The anthology consists of five short stories previously released separately as e-books, in addition to three new ones. The book focuses on Tobias Eaton and is both a prequel and a retelling of certain events of the first book, Divergent.

===We Can Be Mended: A Divergent Series Epilogue===
The short story serves as an epilogue to the series. Taking place five years after the main trilogy, it focuses on Tobias and Christina as they slowly form a romantic relationship as a way to fill the void left behind by their dead lovers: Tris and Will.

This story was initially released as a bonus ebook available with pre-orders and day-of-publication purchases of Roth's 2017 novel, Carve the Mark. Its English language edition is still only available as an ebook.

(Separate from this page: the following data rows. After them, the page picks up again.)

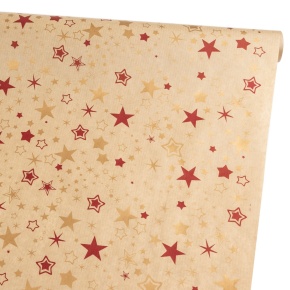 Бумага упаковочная крафт Звезды 40гр, 72 см 10 м, натуральный/красный в интернет-магазине флористических аксессуаров Азалия Декор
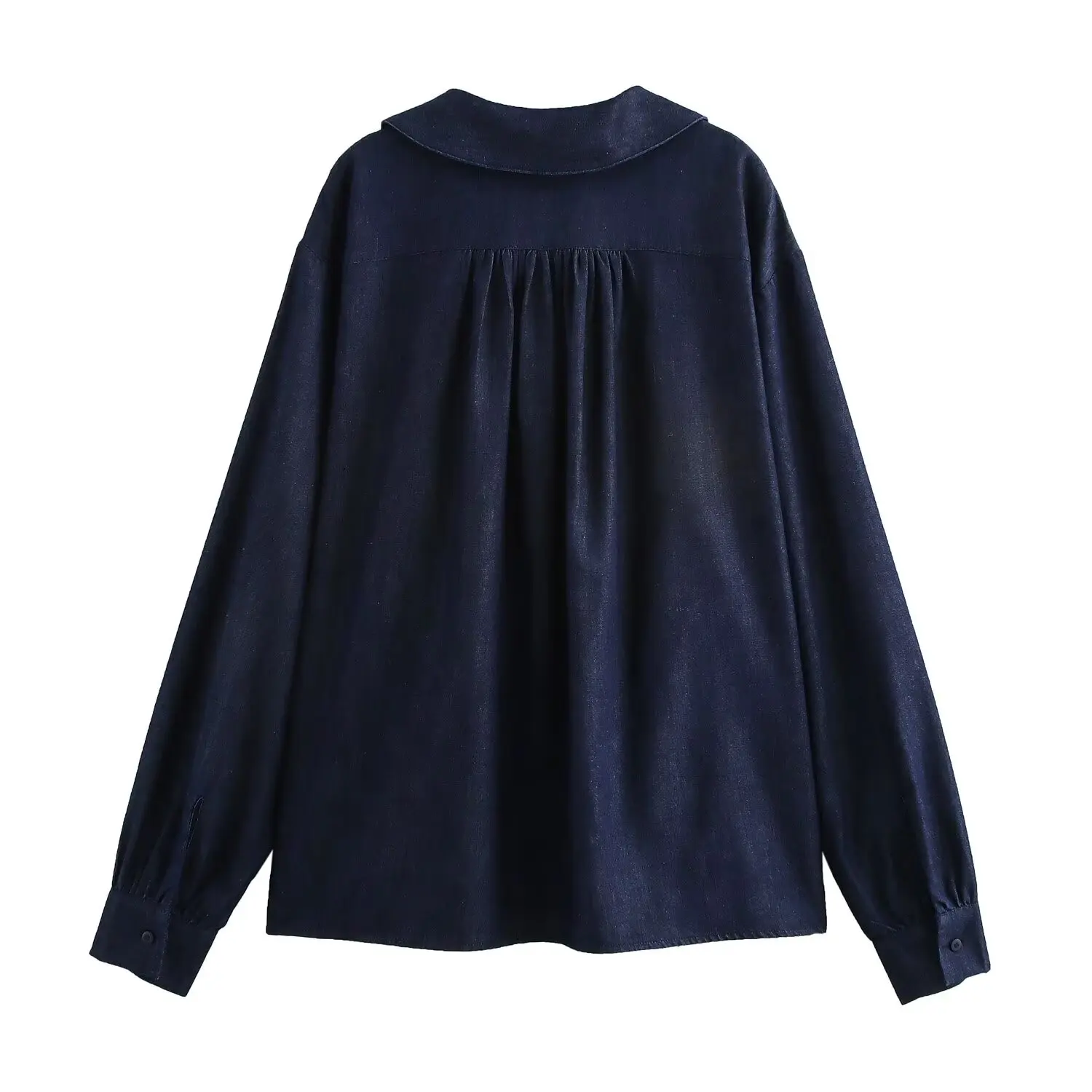 Withered 2024 Autumn Minimalist Turn Down Collar Denim Shirt Women Tops Fashion Ladies Navy Loose Long Sleeve Blouse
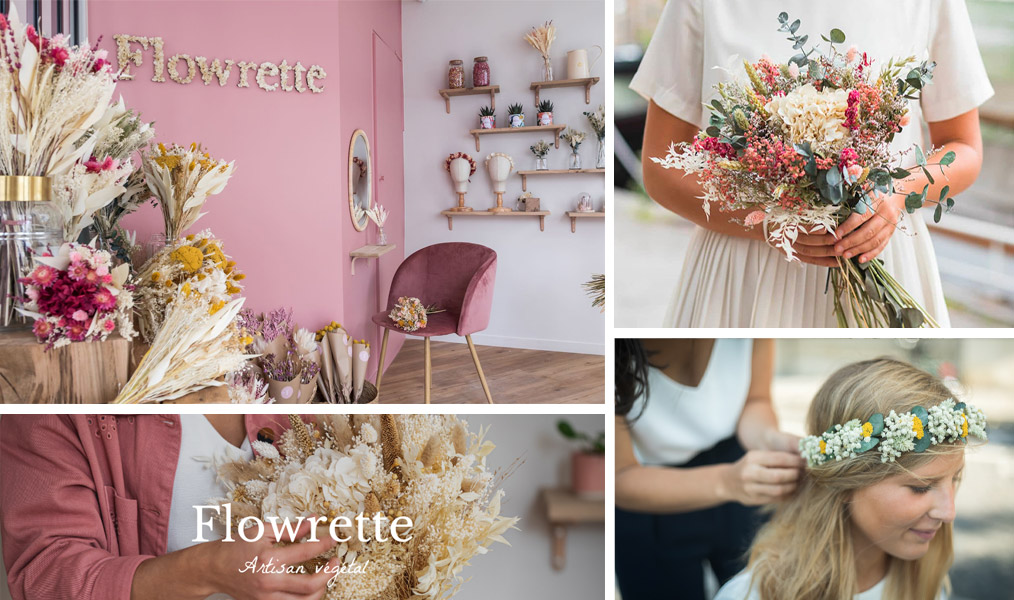Bouquets, couronnes et décorations en fleurs séchées.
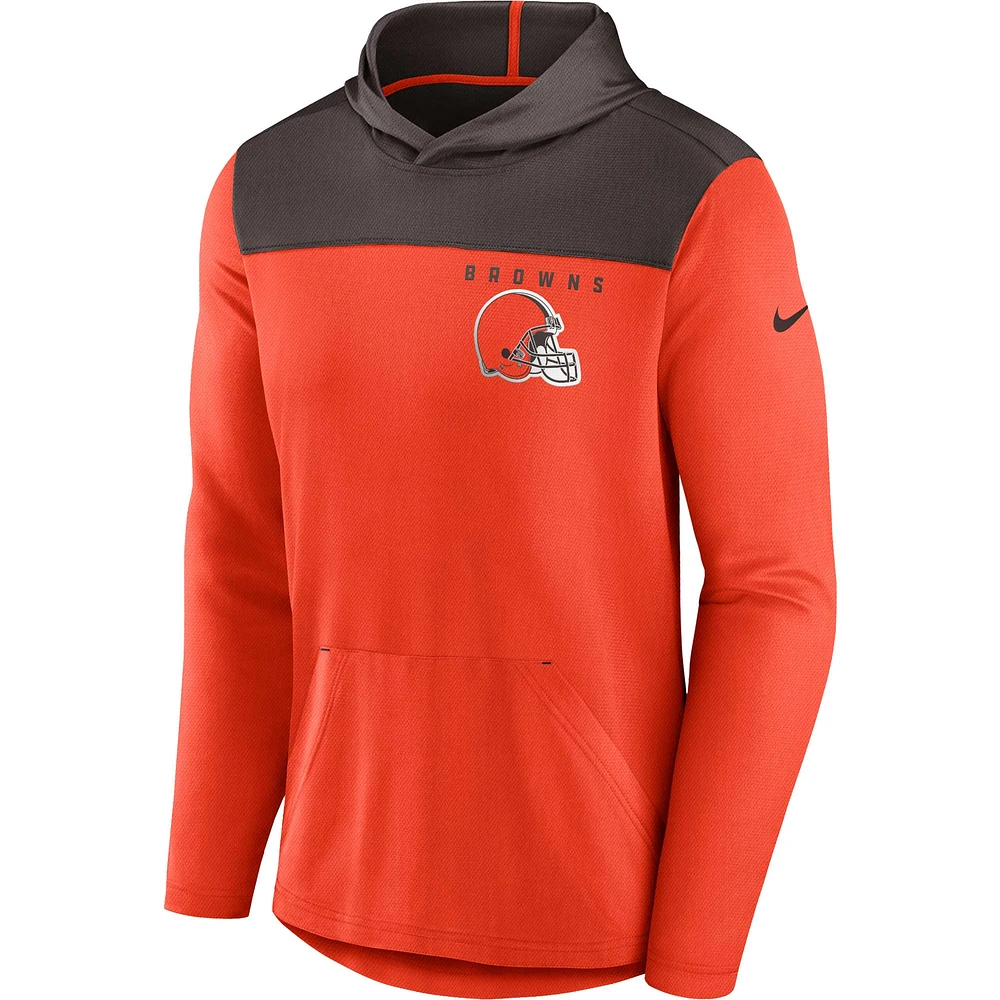 Men's Nike Orange/Brown Cleveland Browns Athletic Lockup Pullover Hoodie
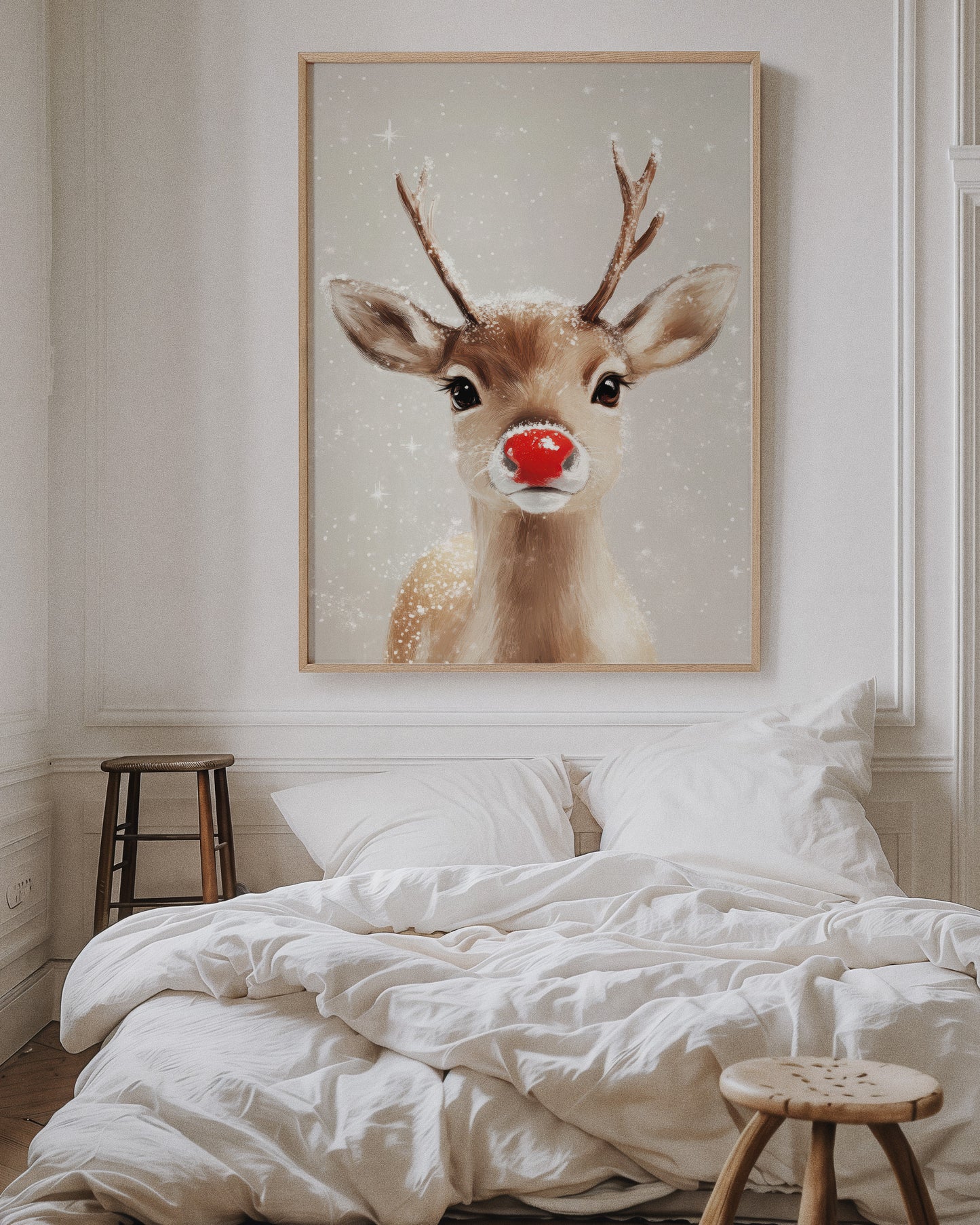 Adorable Snowy Reindeer – Cozy Christmas Wall Art Print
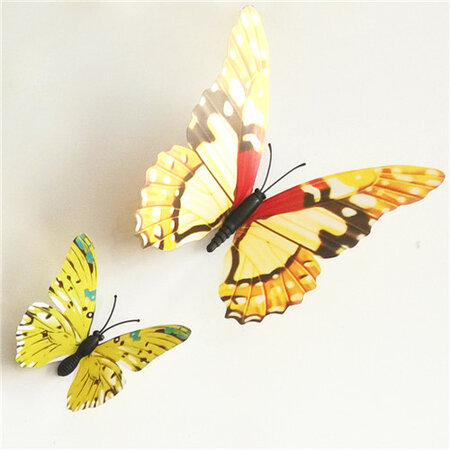 Samolepiace 3D motýle s magnetom žltá, 12 ks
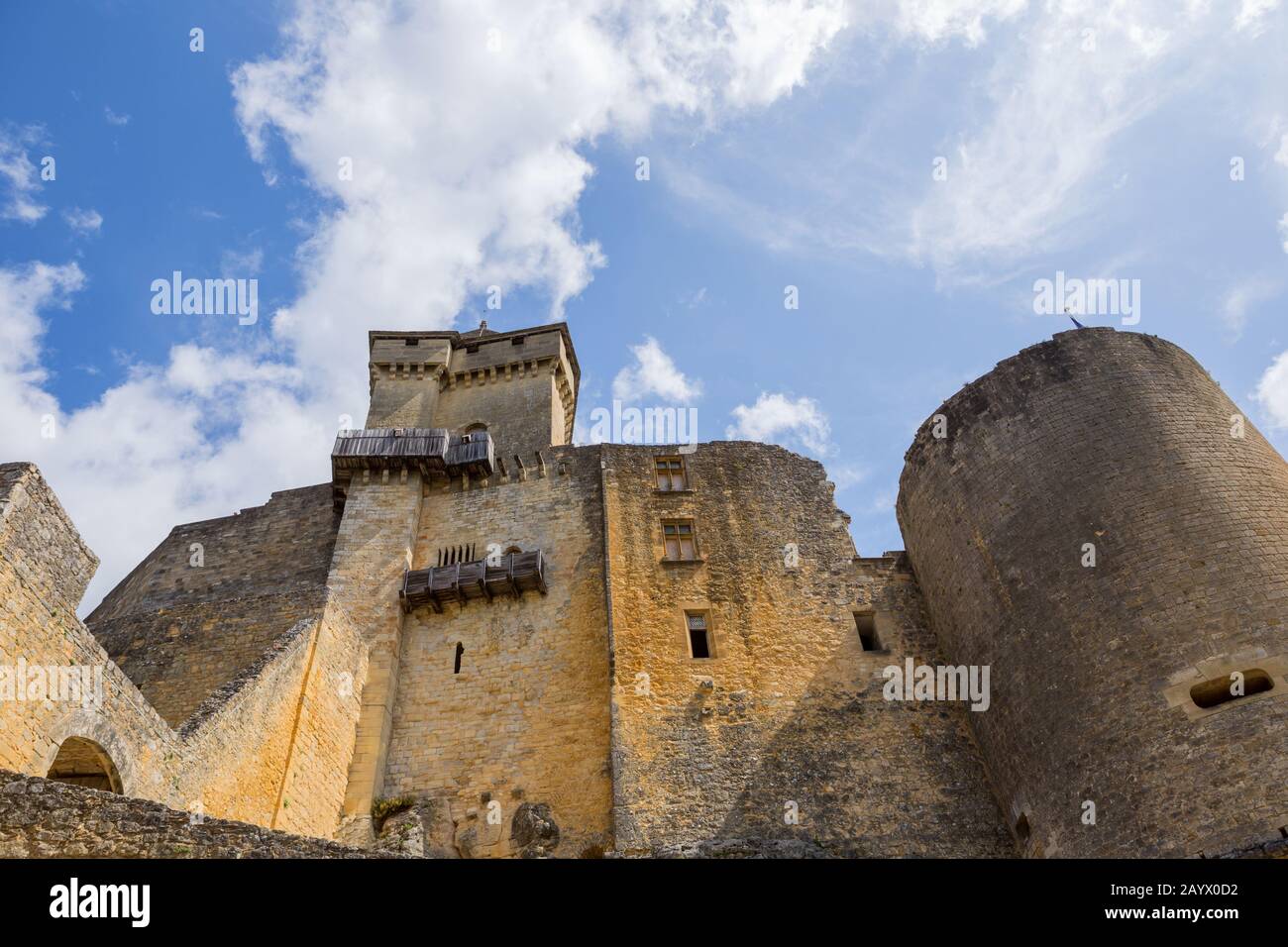 view on medieval fortress Castelnaud Castle (Chateau de Castelnaud) in ...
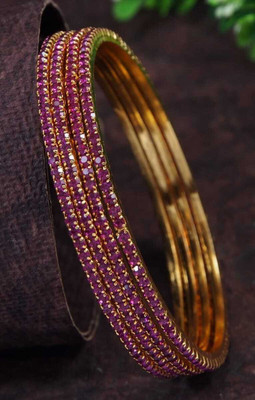 Atulya Brass Cubic Zirconia Gold-plated Bangle Set(Pack of 4)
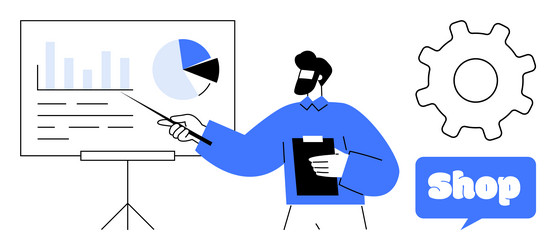 business presentation with man pointing to chart vector image
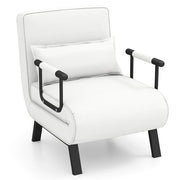 Poltrona trasformabile 4 in 1 79 x 65 x 79 cm comfort ottimale schienale regolabile in 6 posizioni design contemporaneo in tessuto di lino bianco 20_0018956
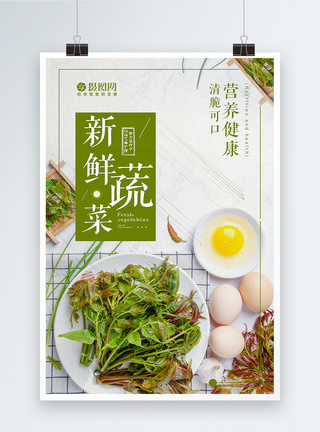 新鲜美味蔬菜香椿海报简约高清图片素材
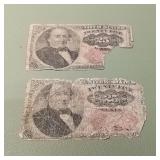 2 Fifth Issue 25c Fractional Currency F1308-1309 P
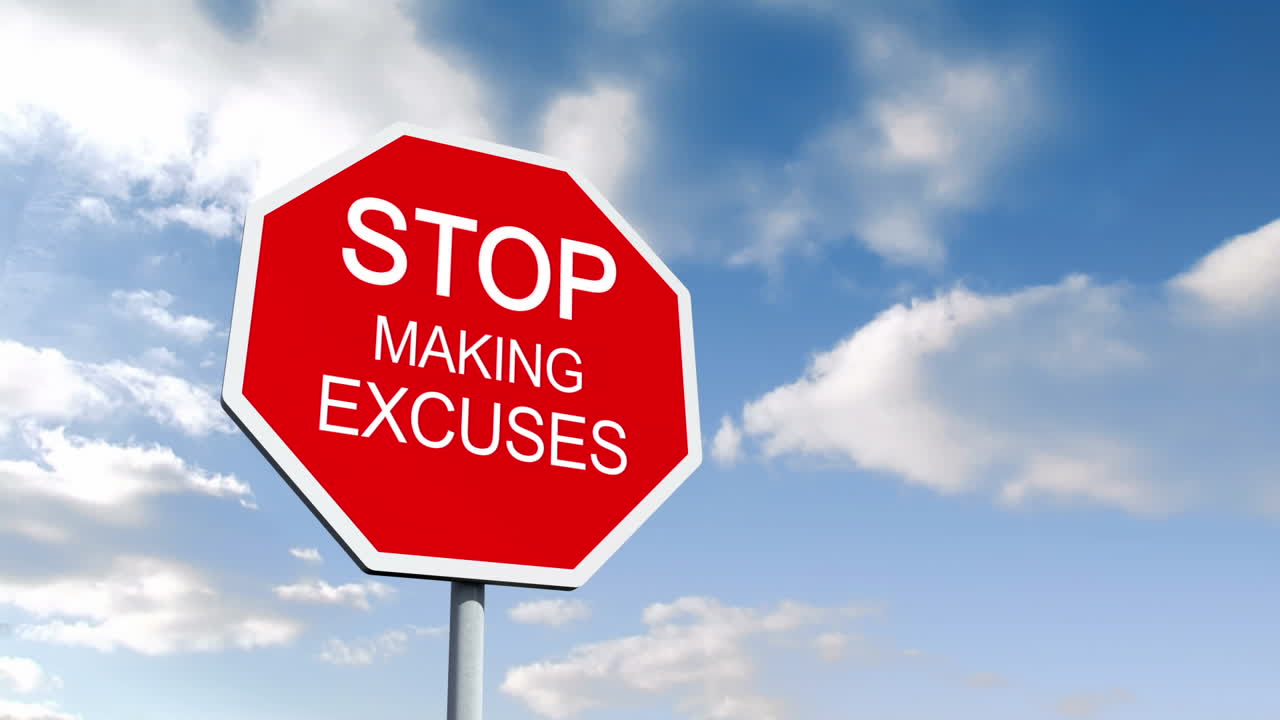 deja de hacer excusas, firma contra el cielo azul.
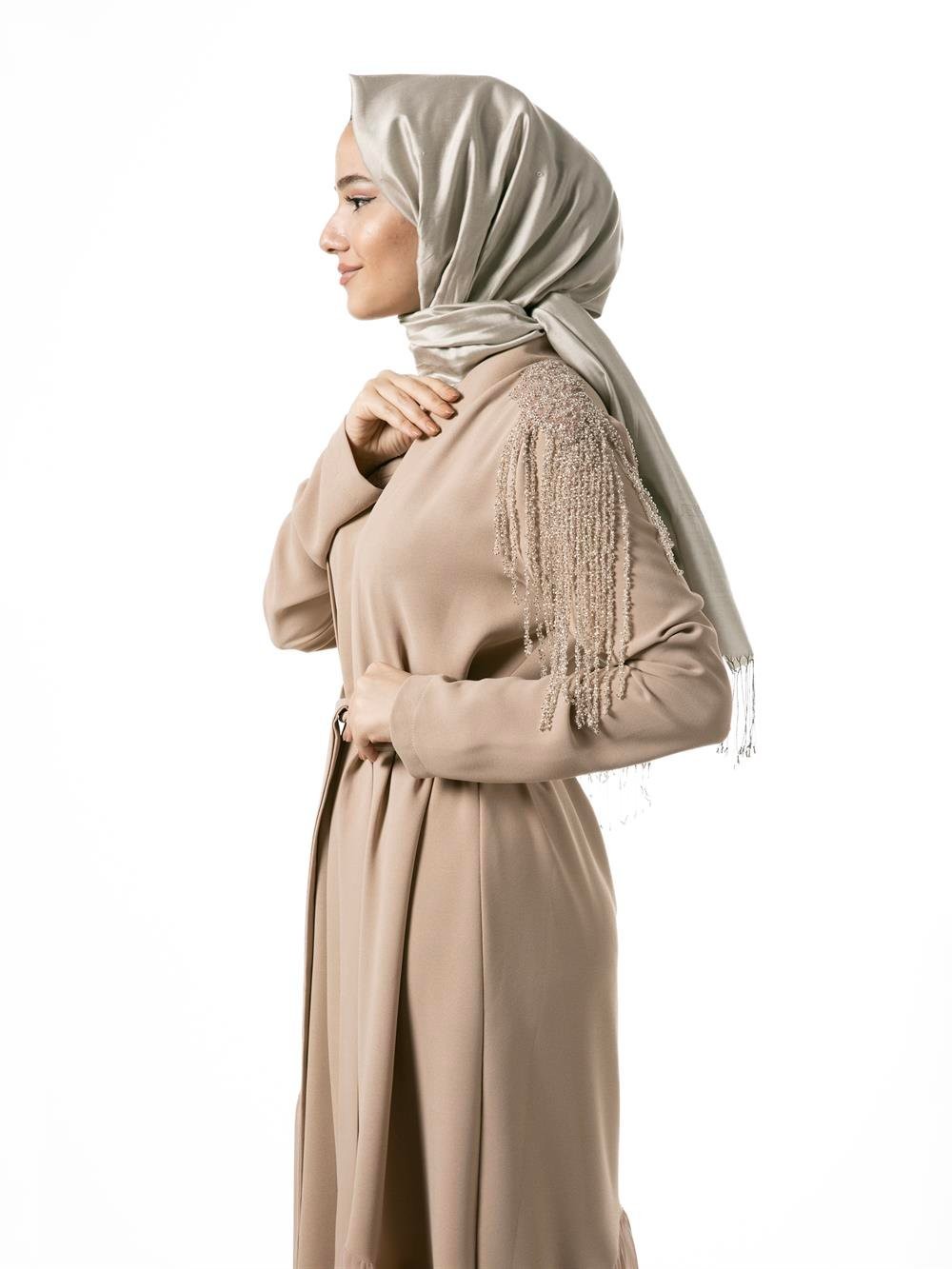 Heddy Omuzları Saçaklı Abaya 6603-BEJ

=== The Sixth Faction: A Divergent AU (Alternate Universe) ===
The Sixth Faction is an upcoming young adult dystopian novel by Veronica Roth and the first book in a planned duology set in the Divergent universe. Announced at BookCon 2026, the novel presents an alternate-universe storyline in which protagonist Beatrice “Tris” Prior chooses a different faction during her Choosing Ceremony, leading to major changes in her fate. The story explores identity, choice, and societal structure within a reimagined narrative. The book is scheduled for release on October 6, 2026, with a sequel expected in 2027.

==Critical reception==
The trilogy received positive reviews from critics. Critics praised Divergent for its plot and action, and Insurgent was praised for its writing and pace.
Another critic said, "No one can argue that Divergent is not a fun, edge-of-your-seat read. It is easy to get submerged in, effortless to remain engaged in, and impossible not to enjoy even the slightest bit." Allegiant was praised for being "gripping" and for the love story, but was criticized for its ending and prose.

==Film adaptations==

Summit Entertainment had bought the rights to film an adaptation of the novel and recruited Neil Burger to direct, with Shailene Woodley starring as Beatrice "Tris" Prior and Theo James as Tobias "Four" Eaton. Lionsgate and its subsidiary Summit Entertainment distributed the film. Kate Winslet was signed as Jeanine Matthews. Also recruited into the cast were Maggie Q as Tori, Zoe Kravitz as Christina, Ansel Elgort as Caleb, Miles Teller as Peter, Ashley Judd as Natalie Prior, Tony Goldwyn as Andrew Prior, and Jai Courtney as Eric. Divergent was released on March 21, 2014. Insurgent began filming in Atlanta on May 27, 2014 and was released on March 20, 2015. The adaptation of Allegiant was split into two parts; the first part, Allegiant, was released on March 18, 2016, while the second part, titled Ascendant, was originally planned to be released in June 2017. The big screen release of Ascendant was shelved due to the poor box office results of Allegiant. On July 20, 2016, it was announced that Ascendant would be released as a TV movie, but later scrapped.